Quelle: Green Line Transition, Klett 2018 (ISBN 978-3-12-834260-3)
Die im Lehrwerk ausgewiesene topic task sieht vor, dass die Schülerinnen und Schüler im Zuge eines Wettbewerbs Kurzgeschichten zum Thema “free choice” erstellen. Die Beschreibung der task umfasst fünf klar definierte Schritte vom brainstorming über planning your story hin zum writing, checking und evaluating.
Bei den ersten beiden Schritten können die oben beschriebenen tools zur Strukturierung und zur Planung (z.B. Lino, Edublogs, Tiki-Toki) eingesetzt werden.
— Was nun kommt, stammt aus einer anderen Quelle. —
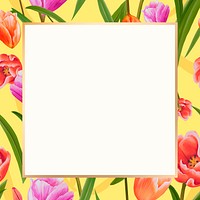 Gold square tulip flower design resource 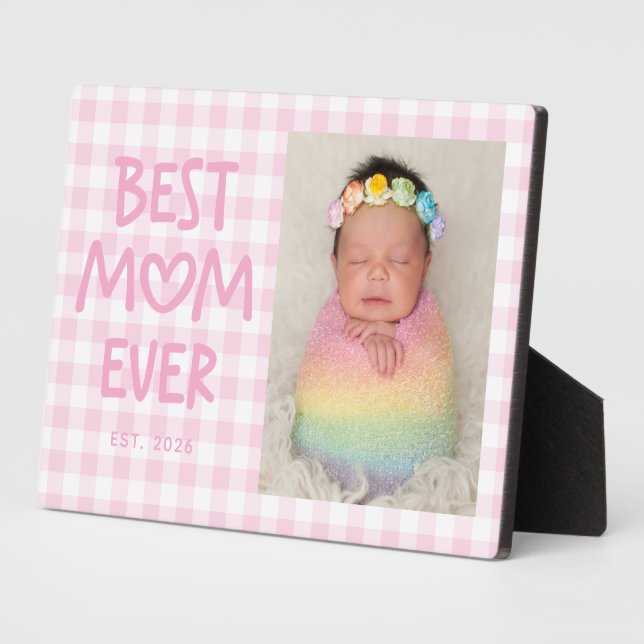 Pink Gingham Whimsical Heart Best Mom Ever Photo Plaque (Side)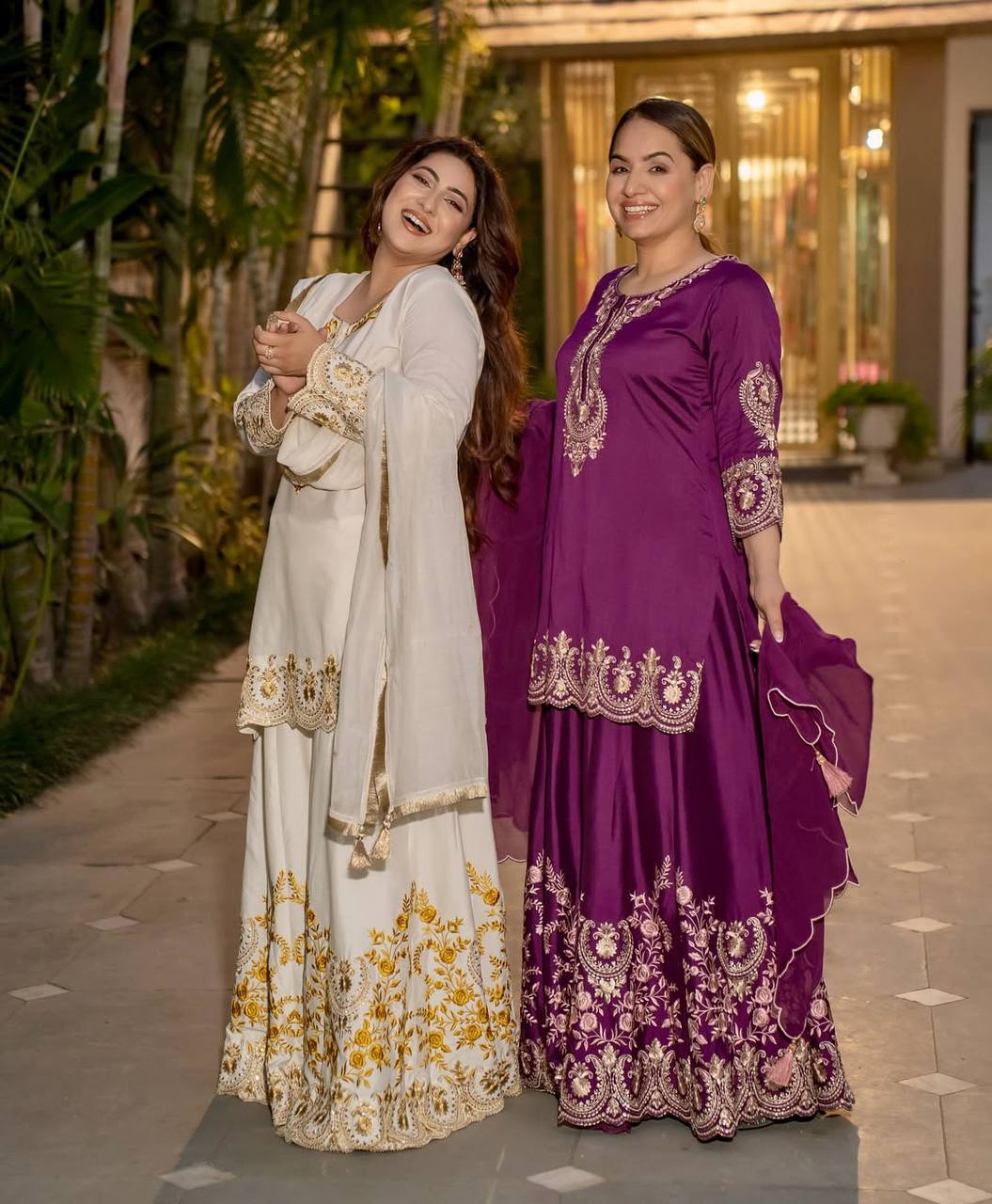 Pure Heavy Natural Crepe Silk with Heavy Embroidery & Fancy Latkan Dori Sleeves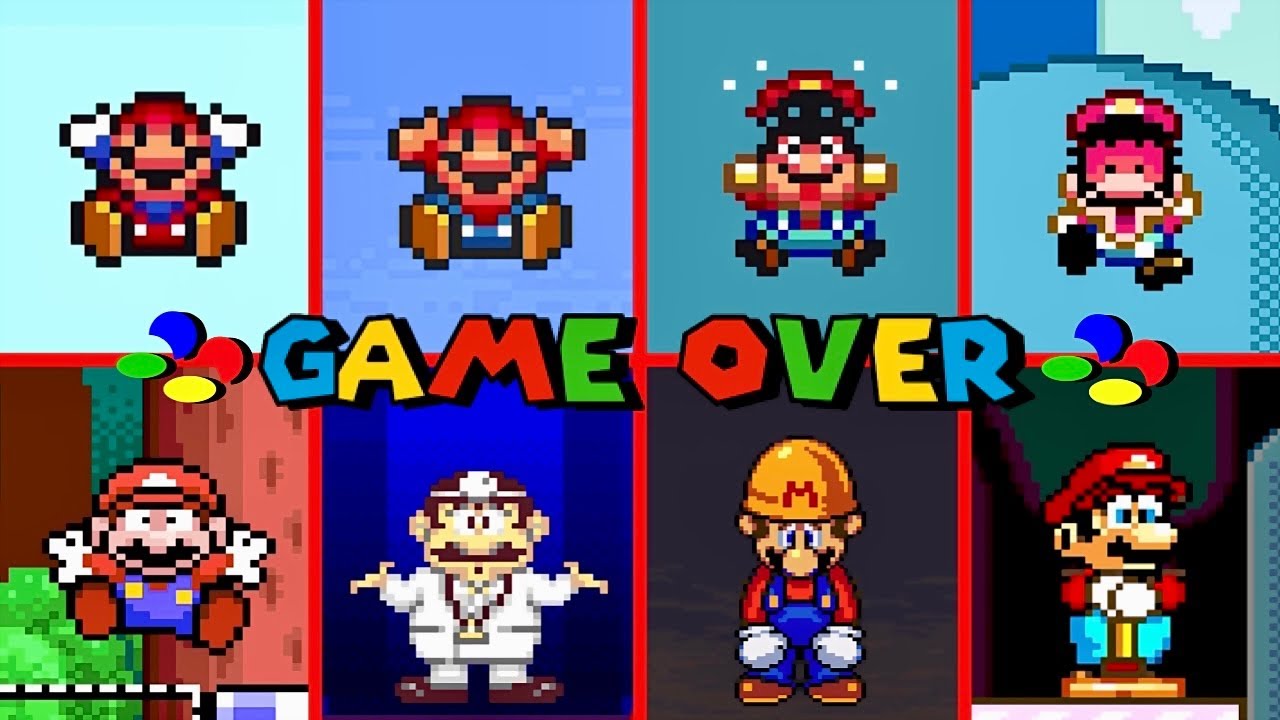Evolution of Mario SNES GAME OVER Screens || 4K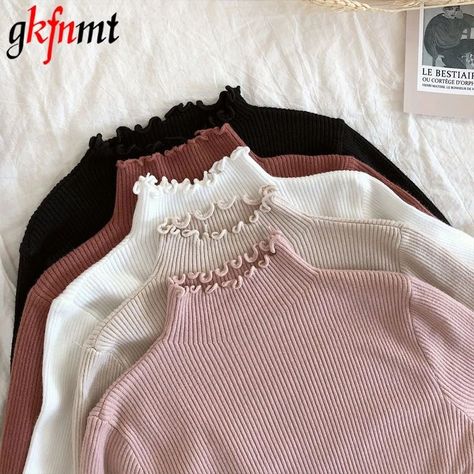 cd0dce8fca267bf1fb86cf43e18d5598desc48083072ri Sweater Rajut, Pullover Mode, Pullover Outfit, Slim Sweater, Ruffle Sweater, Womens Turtleneck, Mode Inspo, Winter Mode, Casual Pullover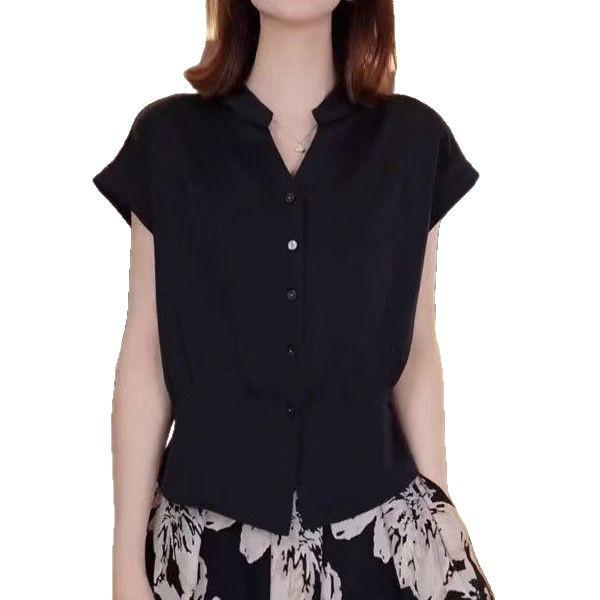 Women's Summer 2025 Slimming Short Sleeve Cardigan Top - Fashionable, Versatile, Age-Reducing Design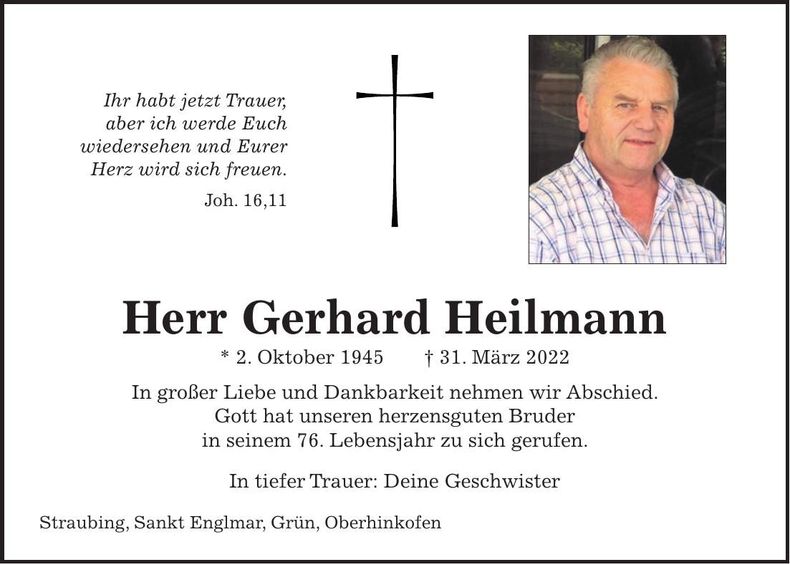 Traueranzeige Gerhard Heilmann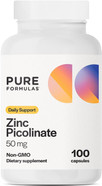 Pureformulas Zinc Picolinate 50 Mg - Immunity & Hormone Support - Bioavailable 50 Mg Zinc Supplement 100 Capsules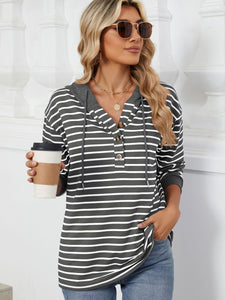 Drawstring Striped Long Sleeve Hoodie (multiple color options)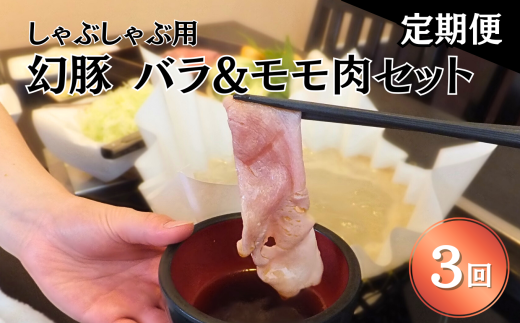 【毎月定期便】信州 飯田 ブランド豚「幻豚」しゃぶしゃぶ 用 バラ & モモ (合計1kg) セット【全3回】 | 豚肉 ポーク お肉 しゃぶしゃぶ 肉 信州 長野県 飯田市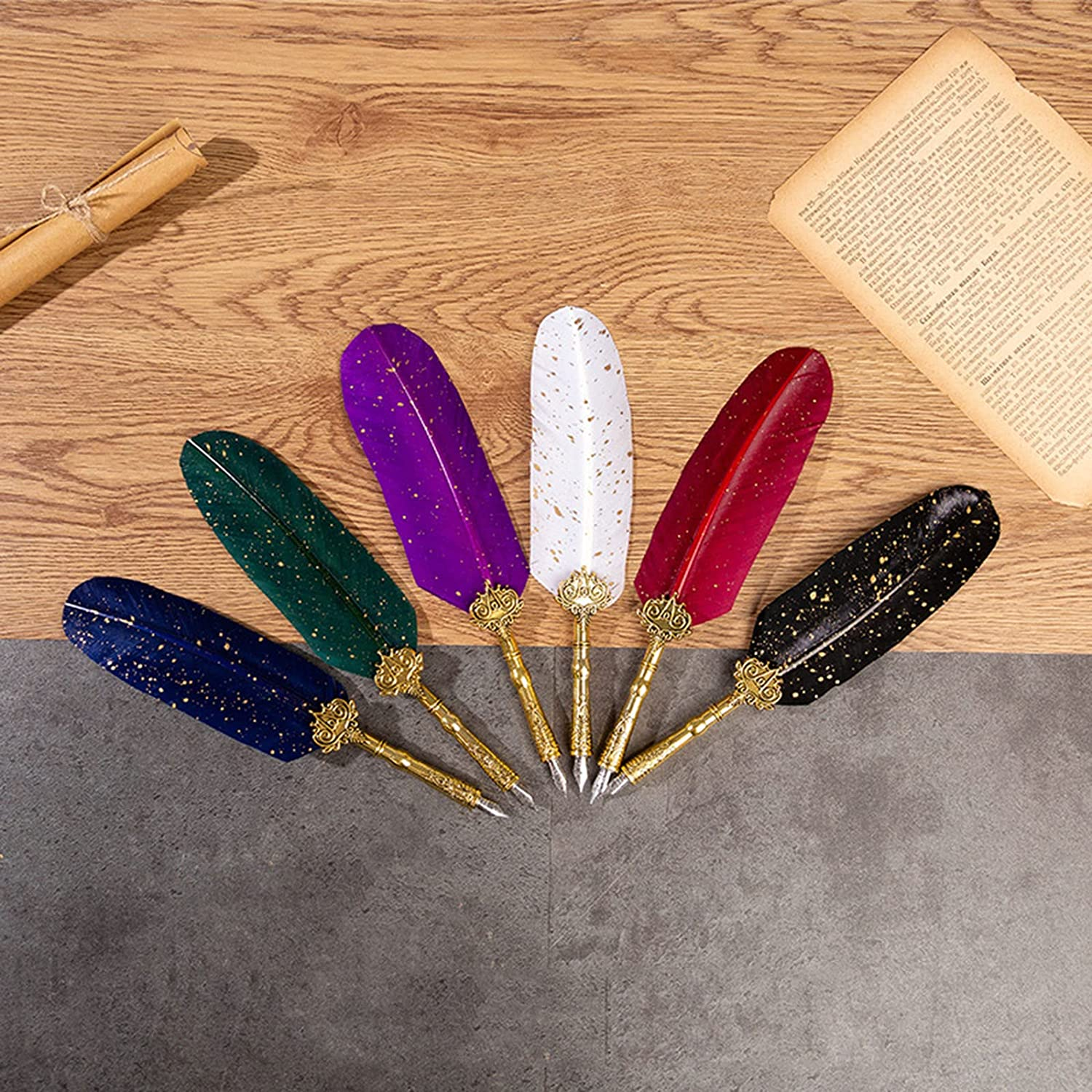 Joyeee Feather Calligraphy Dip Pens and Nibs, Stationery Paper, Pen Base, Spoon, Black Ink Bottle, Dip Pen Wooden for Writing Letters, Greeting Cards, Valentine&rsquo;S Day Writing Drawing Lover - 101 White Quill Pen Set image number 6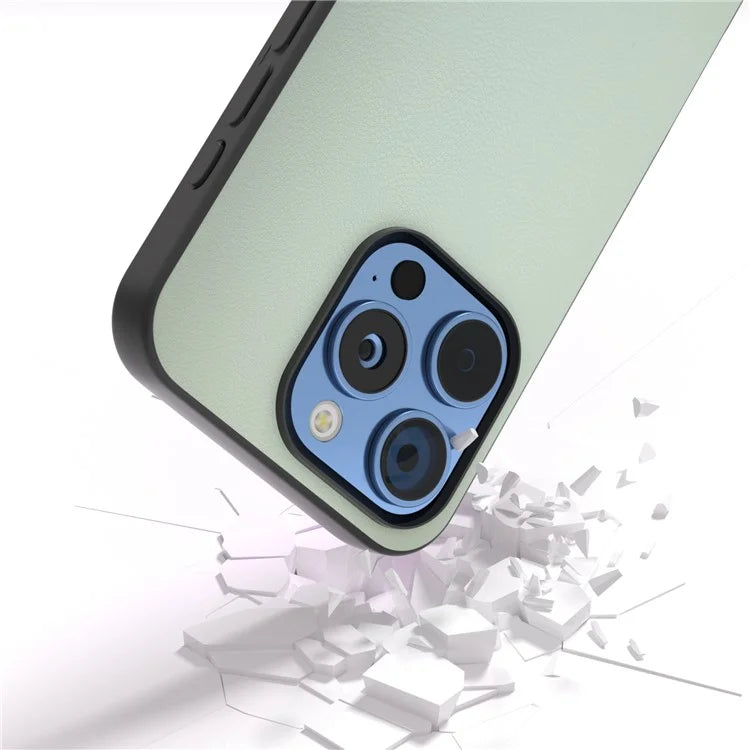 For iPhone 16 Pro Max Case PU Leather Coated TPU+PC Hybrid Phone Cover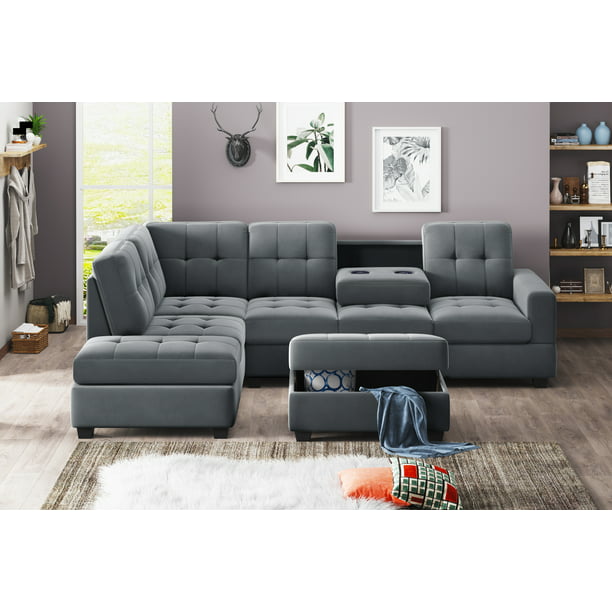 3 Piece Sectional Sofa Set Microfiber, Chaise Sectional Sofa With Storage Ottoman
An dieser Stelle bietet es sich an, einen weiteren (nicht im Lehrwerk erwähnten) Unterrichtsschritt einzuschieben, nämlich der Klasse die Möglichkeit zu geben, im Internet nach Geschichten oder Materialien zu suchen, die hier als Modell dienen können. Der Schritt sollte ausdrücklich erst nach einer eigenen Planung der Lernenden erfolgen, um deren Kreativität nicht bereits im Keim zu ersticken.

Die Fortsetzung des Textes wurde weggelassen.